==== Data extracts ====
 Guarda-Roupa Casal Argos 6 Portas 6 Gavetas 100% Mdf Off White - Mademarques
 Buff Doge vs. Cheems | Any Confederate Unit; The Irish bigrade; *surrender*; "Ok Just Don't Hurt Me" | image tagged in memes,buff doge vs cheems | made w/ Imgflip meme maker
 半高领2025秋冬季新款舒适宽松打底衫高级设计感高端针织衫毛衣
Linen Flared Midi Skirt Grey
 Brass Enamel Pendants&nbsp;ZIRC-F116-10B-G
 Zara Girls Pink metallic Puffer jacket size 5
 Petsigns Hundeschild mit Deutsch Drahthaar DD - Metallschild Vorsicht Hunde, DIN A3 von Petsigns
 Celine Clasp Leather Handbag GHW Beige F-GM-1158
====
==== Data extracts ====
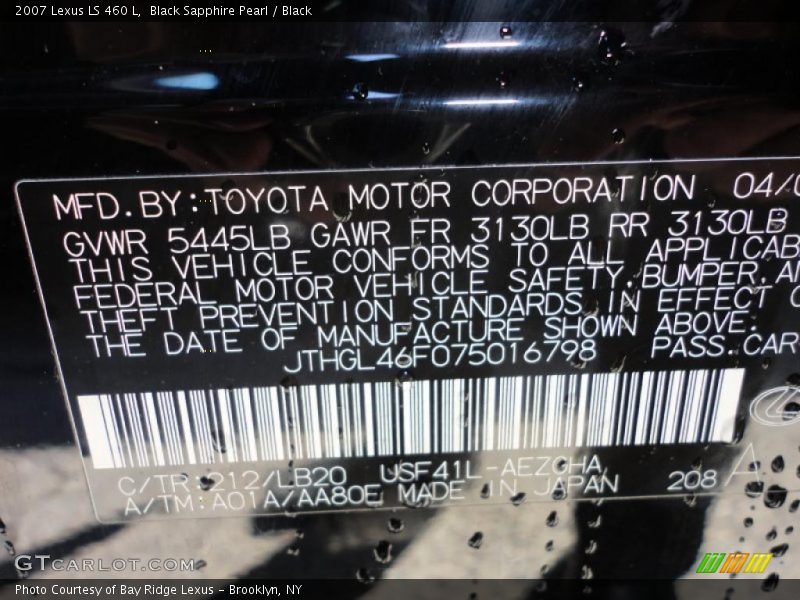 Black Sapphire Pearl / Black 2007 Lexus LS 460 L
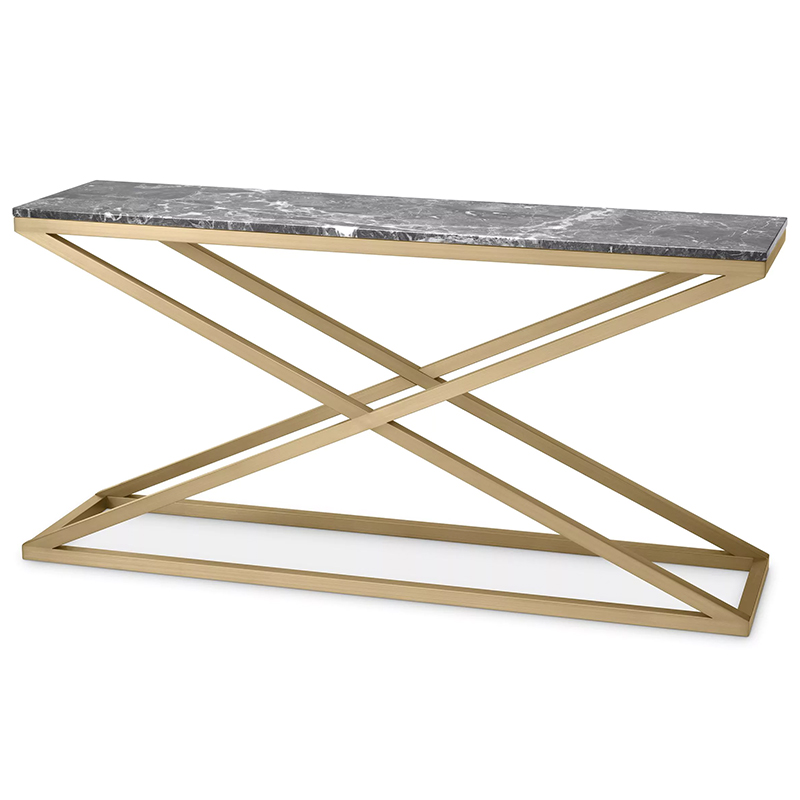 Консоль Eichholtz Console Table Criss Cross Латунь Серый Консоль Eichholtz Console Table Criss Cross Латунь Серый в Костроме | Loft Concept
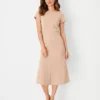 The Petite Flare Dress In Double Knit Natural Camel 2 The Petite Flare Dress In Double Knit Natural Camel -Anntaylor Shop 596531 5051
====
Work required: The reply should consist solely of the lines above from the one that has "Buff Doge vs." through the one that has "Brass Enamel Pendants&nbsp;ZIRC-F116-10B-G", reproduced exactly.

Reply to the task:
 Buff Doge vs. Cheems | Any Confederate Unit; The Irish bigrade; *surrender*; "Ok Just Don't Hurt Me" | image tagged in memes,buff doge vs cheems | made w/ Imgflip meme maker
 半高领2025秋冬季新款舒适宽松打底衫高级设计感高端针织衫毛衣
Linen Flared Midi Skirt Grey
 Brass Enamel Pendants&nbsp;ZIRC-F116-10B-G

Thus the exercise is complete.